Automate bundle export import python script
I would like to move from design node to automation node a project using a python script. Does Dataiku have a template or existing script for that? After I export a bundle how can I manage mappings and conflicts during the activate?
Thanks!
Answers
-
Hi tomas,
You can package a project into a "bundle" and deploy it from the Design Node to the Automation Node.
Some links:
https://www.dataiku.com/learn/guide/tutorials/deploy-production.html
https://doc.dataiku.com/dss/latest/bundles/index.html -
Yes, I am using bundle python script.
p = designClient.get_project("MYPROJECT")

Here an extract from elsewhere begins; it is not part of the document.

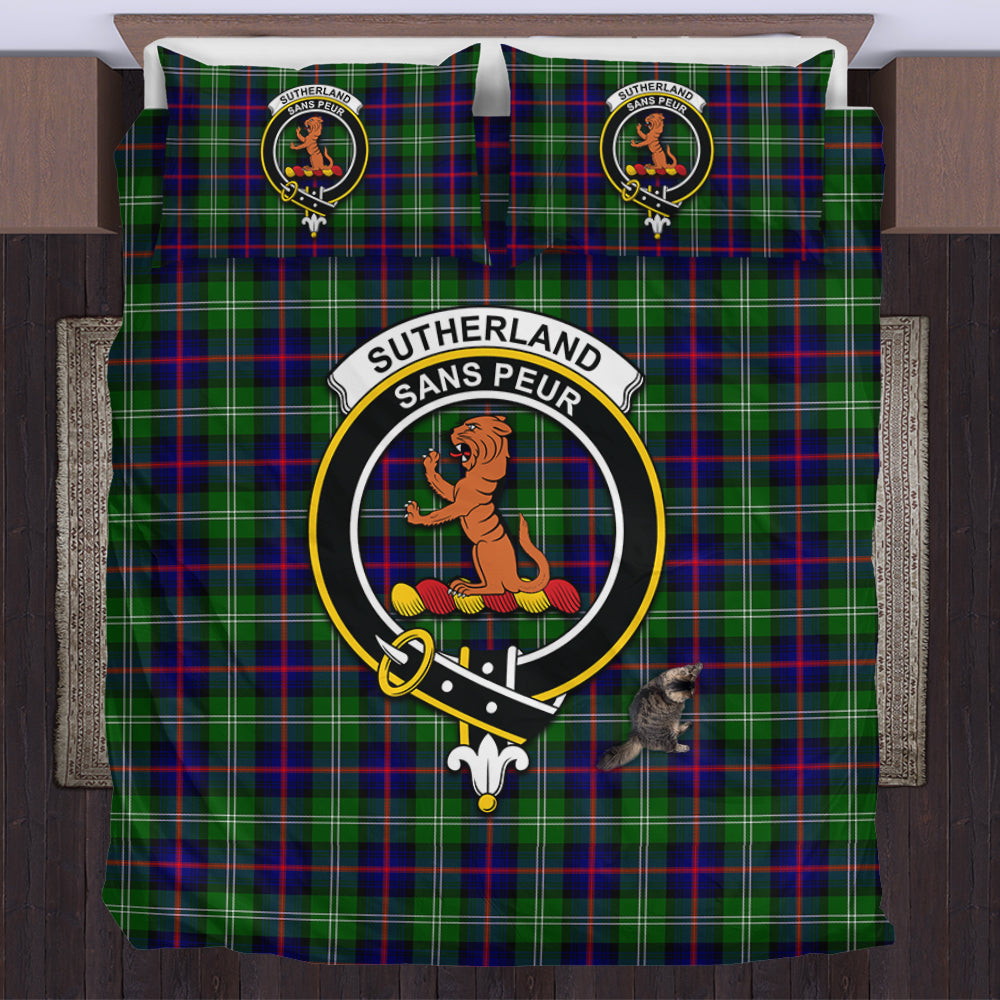 Sutherland Tartan Bedding Set with Family Crest US Bedding Set - Tartan Vibes Clothing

p.export_bundle(bundleId) -
Oh, I didn't understand you want to automate that with a Python script. Sorry.
-
Hi,
Please find attached an example script for exporting a bundle from a design node and deploying it to automation.
import dataikuapi
#Define the connections
#Design
host = "http://localhost:12345" # example to be changed
apiKey = "Foo123Foo123F123Foo123" # example to be changed
#Automation
host_auto = "http://localhost:23456" # example to be changed
apiKey_auto = "Bar234Bar234Bar234Bar234" # example to be changed
design_client= dataikuapi.DSSClient(host, apiKey)
auto_client = dataikuapi.DSSClient(host_auto, apiKey_auto)

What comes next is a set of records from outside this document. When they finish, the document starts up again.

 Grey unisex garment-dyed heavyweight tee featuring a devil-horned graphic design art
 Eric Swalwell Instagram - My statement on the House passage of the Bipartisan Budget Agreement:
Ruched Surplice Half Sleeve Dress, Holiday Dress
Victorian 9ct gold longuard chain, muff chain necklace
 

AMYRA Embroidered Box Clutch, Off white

version_bundle = "bundle_v1"
#Export bundle
project = design_client.get_project("MYSUPERPROJECT")
project.export_bundle(version_bundle)
project.download_exported_bundle_archive_to_file(version_bundle, "temp_bundle.zip")
#Import bundle
project_automation = auto_client.get_project("MYSUPERPROJECT")
project_automation.import_bundle_from_archive("temp_bundle.zip")

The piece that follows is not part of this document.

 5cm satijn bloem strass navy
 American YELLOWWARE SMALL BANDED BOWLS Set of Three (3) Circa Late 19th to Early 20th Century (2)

# Preload and activate bundle
project_automation.preload_bundle(version_bundle) # for code envs
project_automation.activate_bundle(version_bundle)Note that it works also outside of DSS, which is why you need the API keys. To generate these, you can go to Administration > Security > Global/Personal API keys on the Design and Automation nodes.
At the moment, there is no way through the dataiku API to perform custom remapping of the connections. We assume that the connections are already setup and share the same logical name (although their inner values are different). Having said that, if you have already setup the custom remapping in the interface, promoting a new bundle through the API will keep the custom remapping.
Cheers,
Alex
-
I assume that "temp_bundle.zip" is downloaded locally in this example, but is there a way to push the bundle from the design node onto the automation node directly?
-
yes, you can use the template code locally on your design node:
import dataiku
design_client= dataiku.api_client()
For the download_exported_bundle_archive_to_file method, I advise using the Python library tempfile so that you download it to a temporary location. Otherwise, for archiving purposes, you could use a specific directory like /home/dataiku/project_bundles. -
Alright, thanks Alex!
-
Hello, I stumbled upon this thread while trying to import a bundle from Design to Automation using the Python SDK. Is it still the case that there is no way to do custom remapping of connections using the API?
-
sudheer_kumar L2 Admin, Dataiku DSS Core Designer, Dataiku DSS & SQL, Dataiku DSS Core Concepts, Registered Posts: 11 ✭✭✭✭
Hi there,
There is a automated macro in DATAIKU, which will create bundle and move to target for you.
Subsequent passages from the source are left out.